Task prompt:
Return an exact copy of the lines from the one holding "50 Saratoga Ave, Rochester, NY" to the end of the data, including both the starting and final lines. Leave the pictures out.

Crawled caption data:
::::::::::

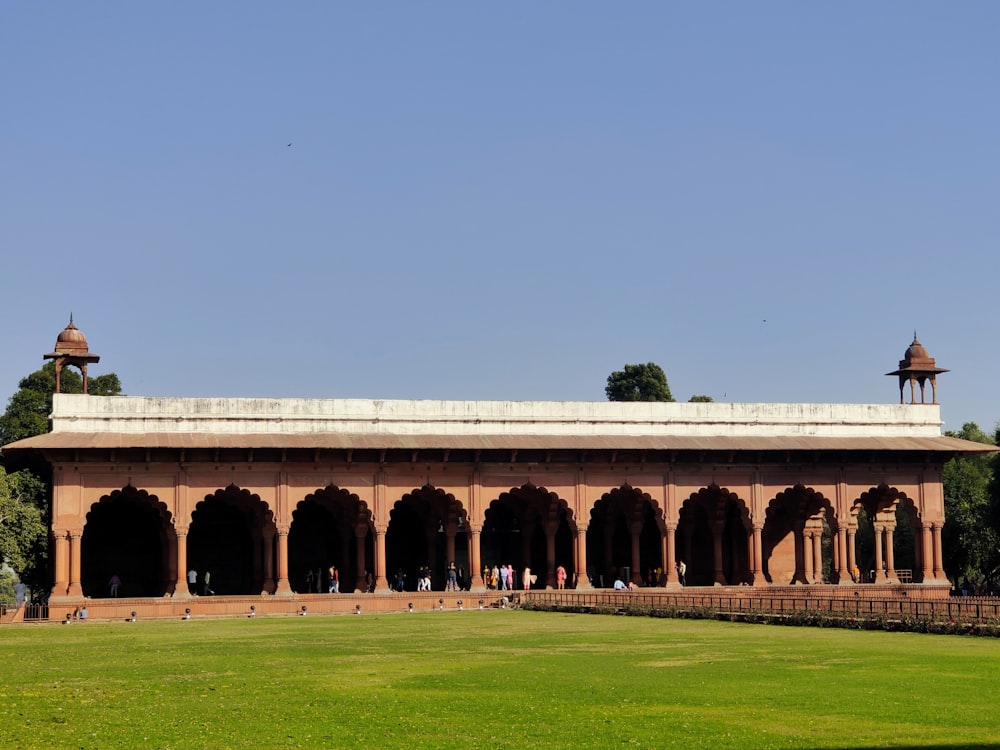 a large building with a green lawn in front of it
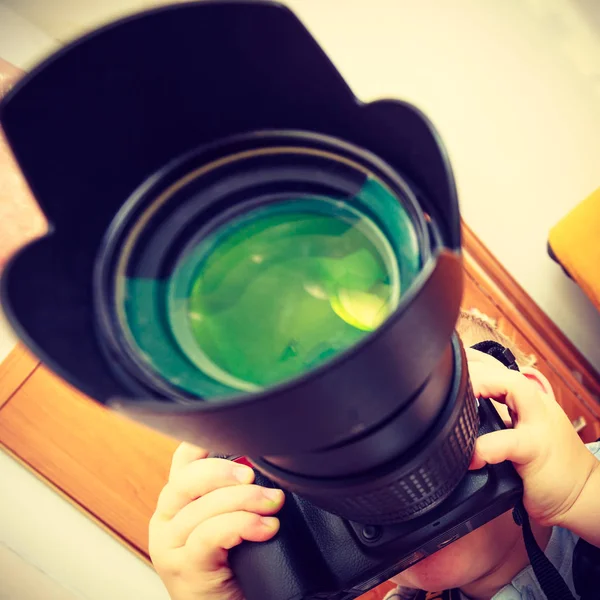 Kid playing with big professional digital camera — Stock Photo, Image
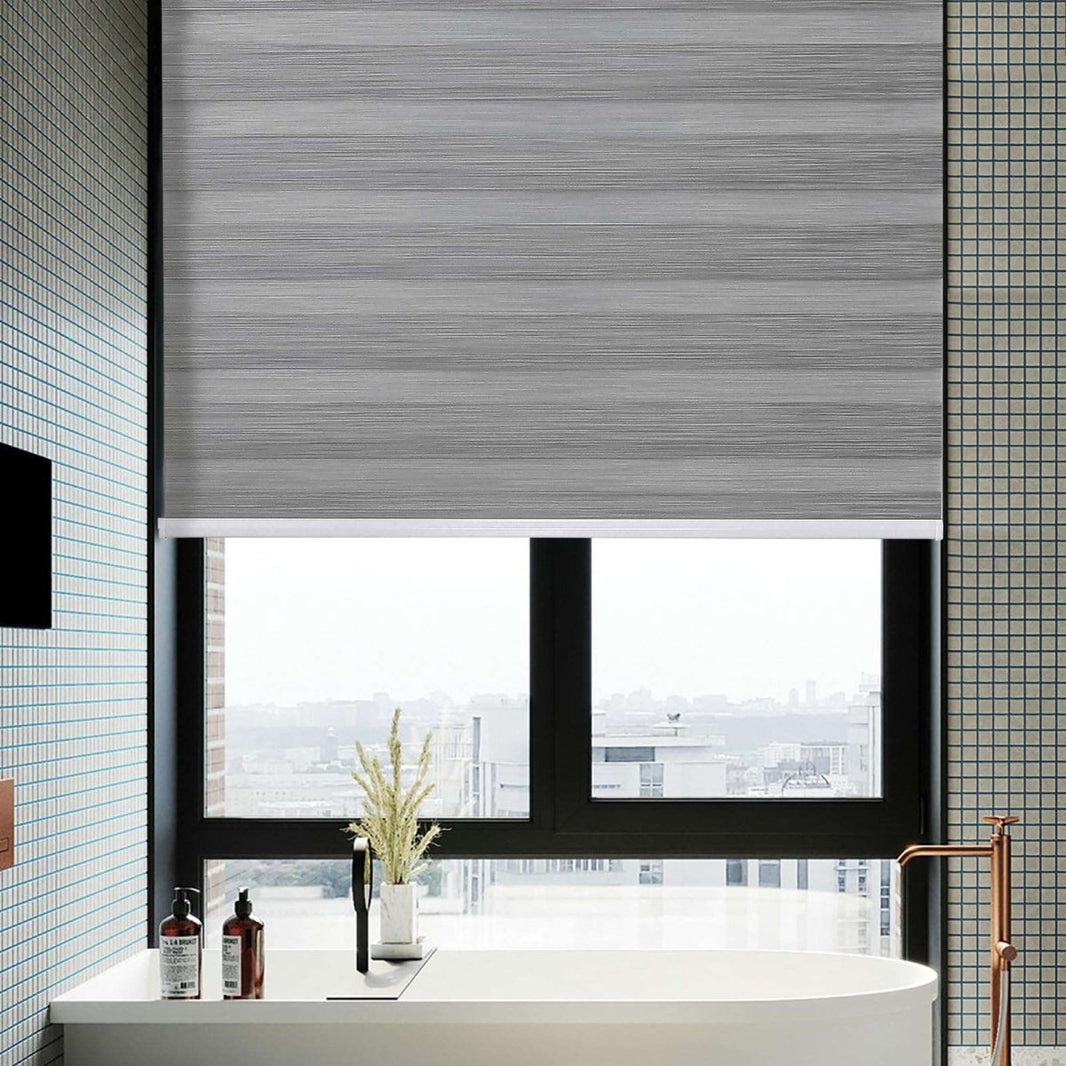 Joydeco grey cordless zebra roller shades installed on bathroom window, offering dual-layer light filtering and privacy.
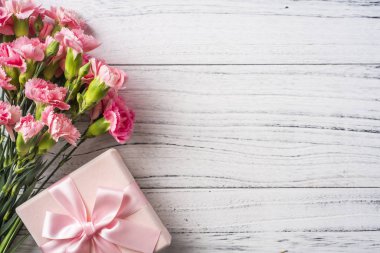 Beyaz Vintage ahşap arka planda hediye kutusu ile pembe karanfil çiçekler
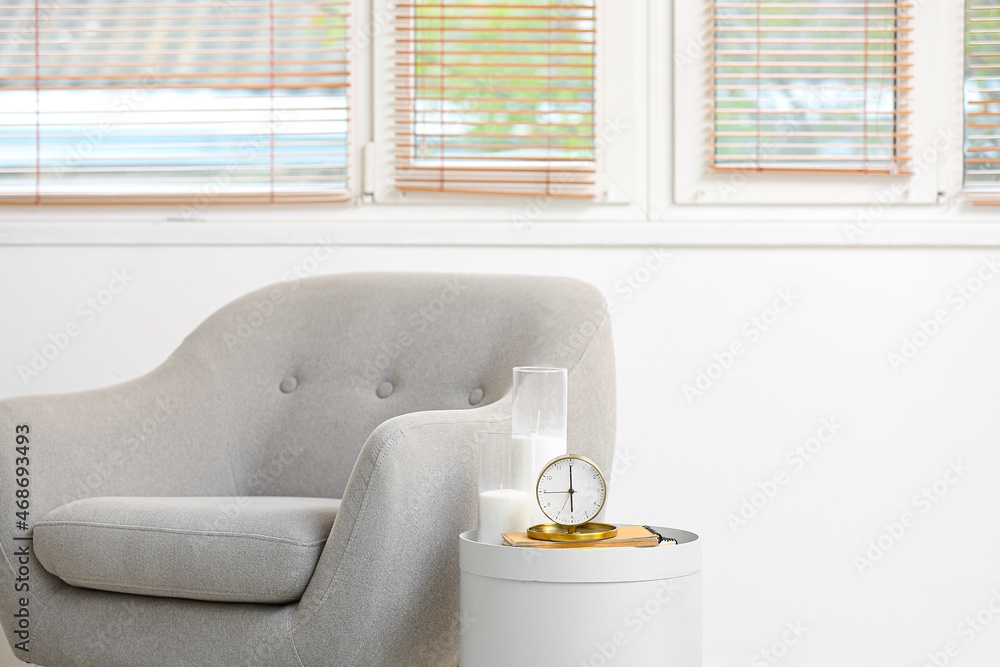 Stylish armchair and alarm clock on table in interior of room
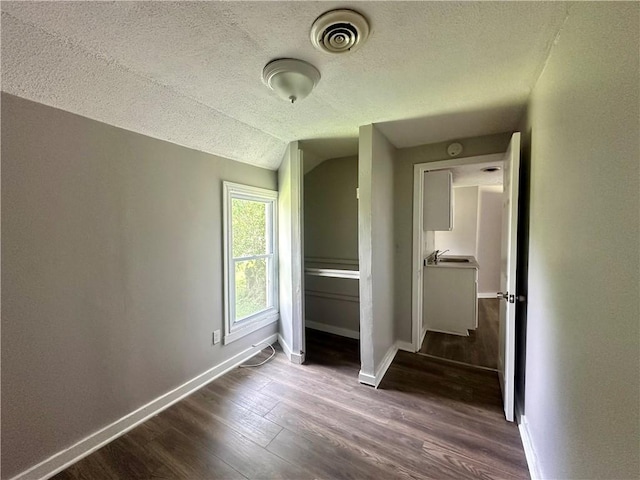 50 Saratoga Ave, Rochester, NY 14608 - unfurnished bedroom with dark wood-style floors, lofted ceiling, and a textured ceiling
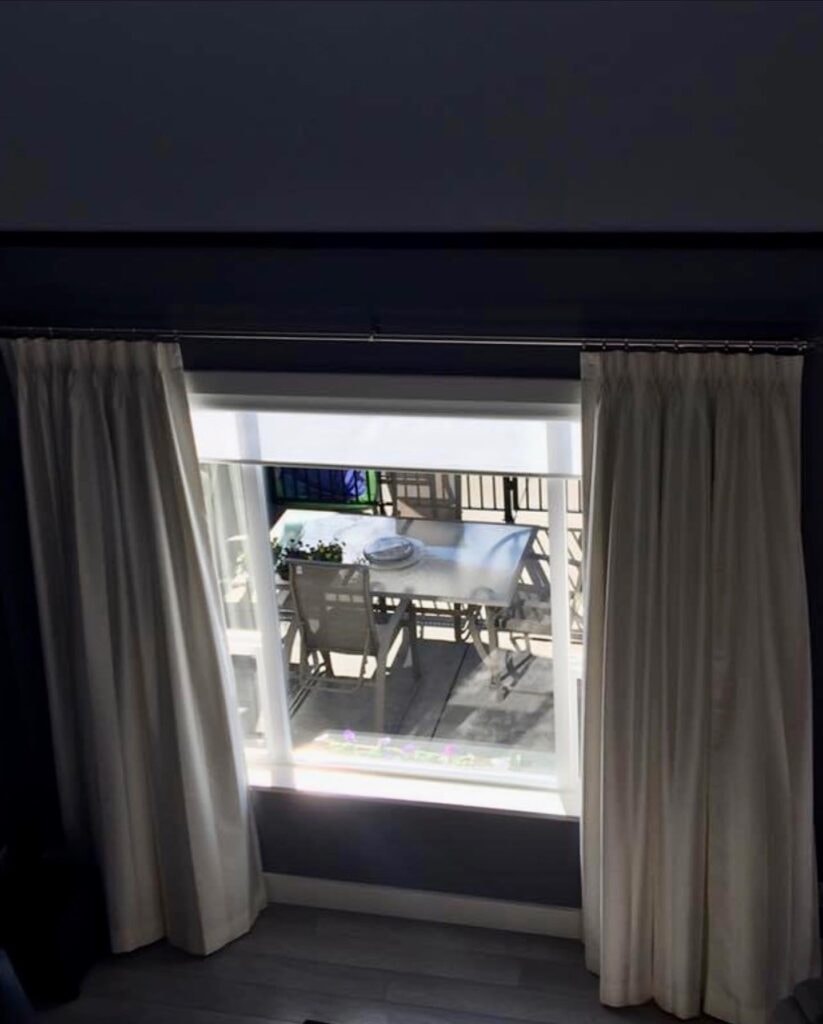 Cream pinch pleat drapes with roller blind on balcony window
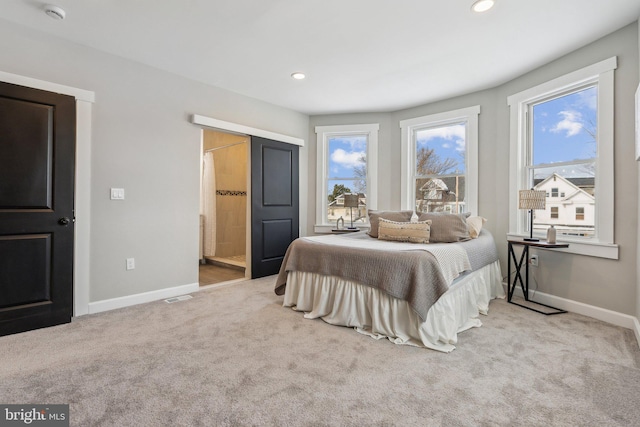 bedroom featuring connected bathroom and light colored carpet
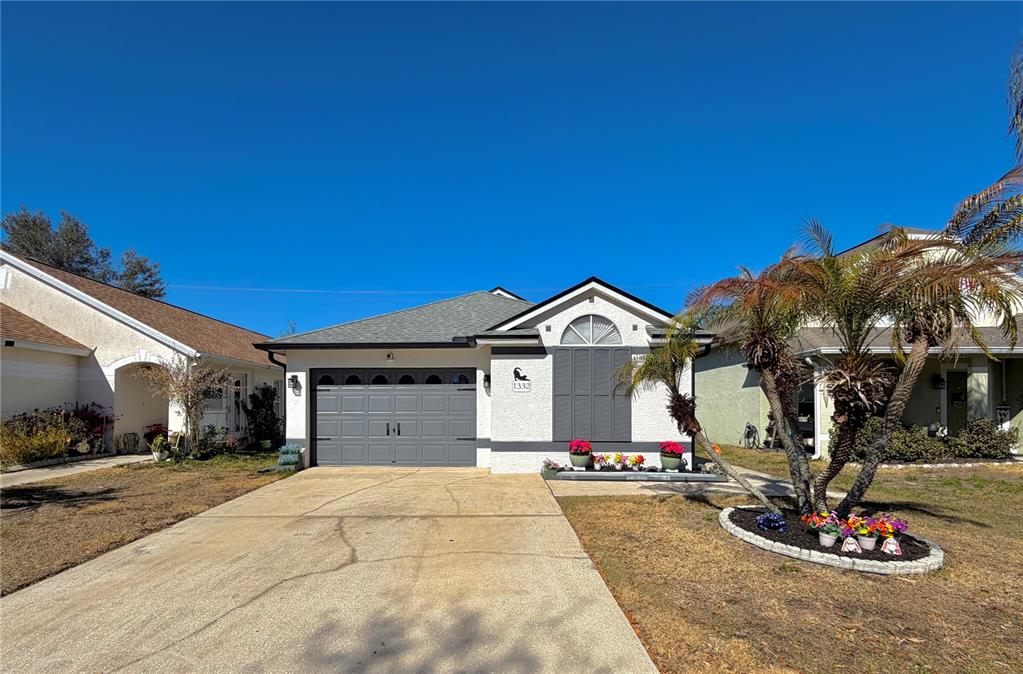 1332 Dew Bloom Road Valrico, FL 33594 - Photo 1 of 22 a front view of house with garage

::::::::::

Output for this exercise:
 50 Saratoga Ave, Rochester, NY 14608 - unfurnished bedroom with dark wood-style floors, lofted ceiling, and a textured ceiling
 Cream pinch pleat drapes with roller blind on balcony window
 bedroom featuring connected bathroom and light colored carpet
 1332 Dew Bloom Road Valrico, FL 33594 - Photo 1 of 22 a front view of house with garage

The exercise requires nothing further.